* Data provided *
= Beginning of Section =

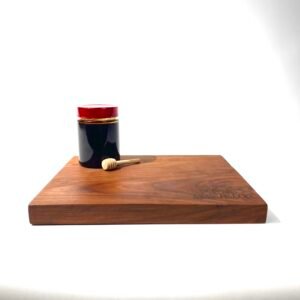 Teak Cutting Board 3cm Thick (S-Board Series) 30cm Width | Jati Cutting Board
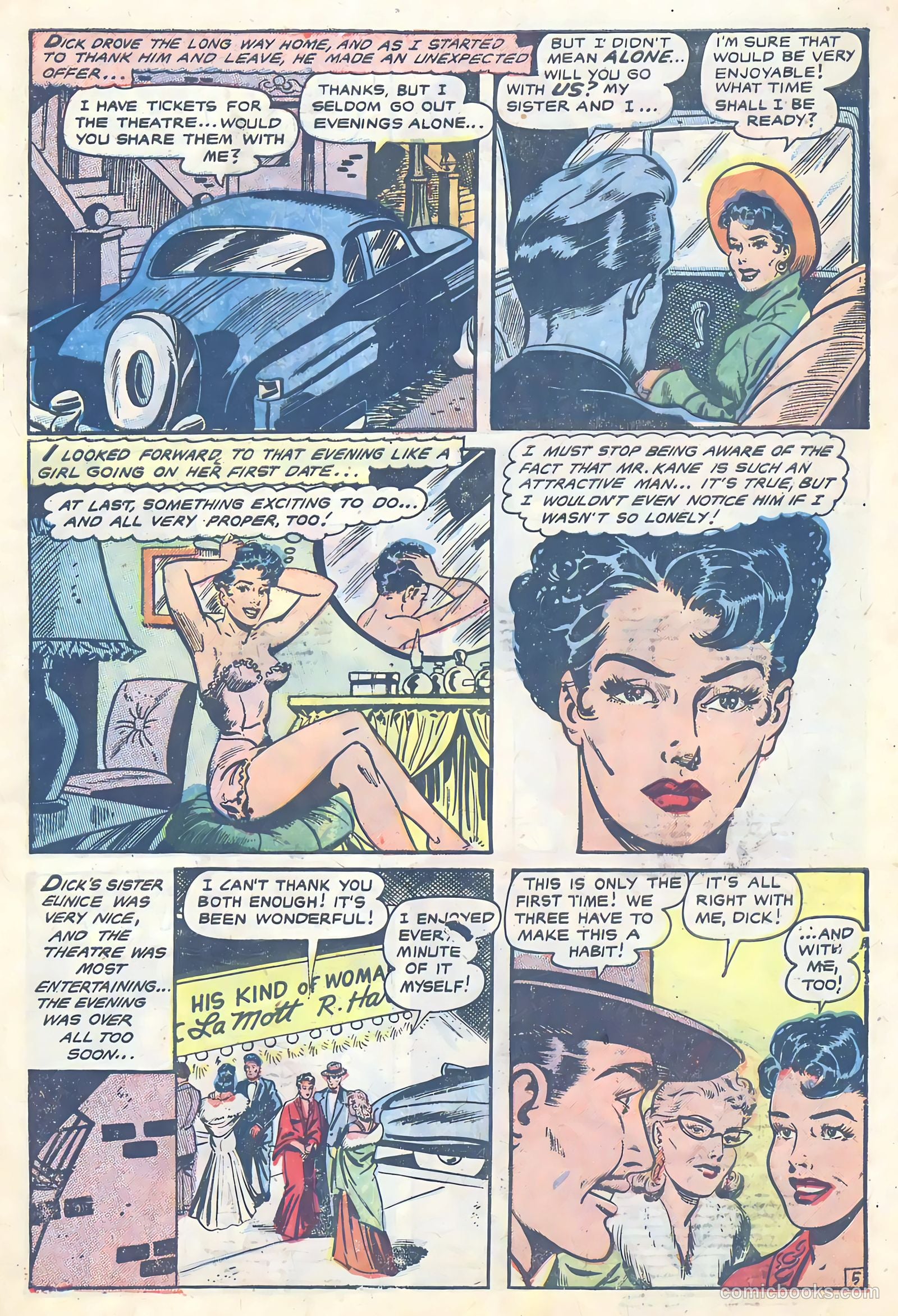 G.I. War Brides #1 (1954) — page 31 of 36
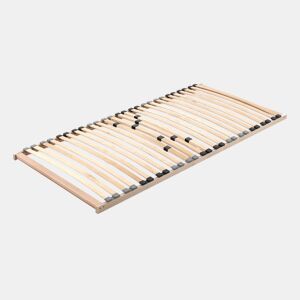 Base de cama estrutura madeira 90x200 26 ripas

= End of Section =

In the answer, retype exactly and only the lines from the one holding "G.I. War Brides #1 (1954) — page 31 of 36" through the end of the listing, keeping both ends and dropping every picture.

* Result of this task *
 G.I. War Brides #1 (1954) — page 31 of 36
 Base de cama estrutura madeira 90x200 26 ripas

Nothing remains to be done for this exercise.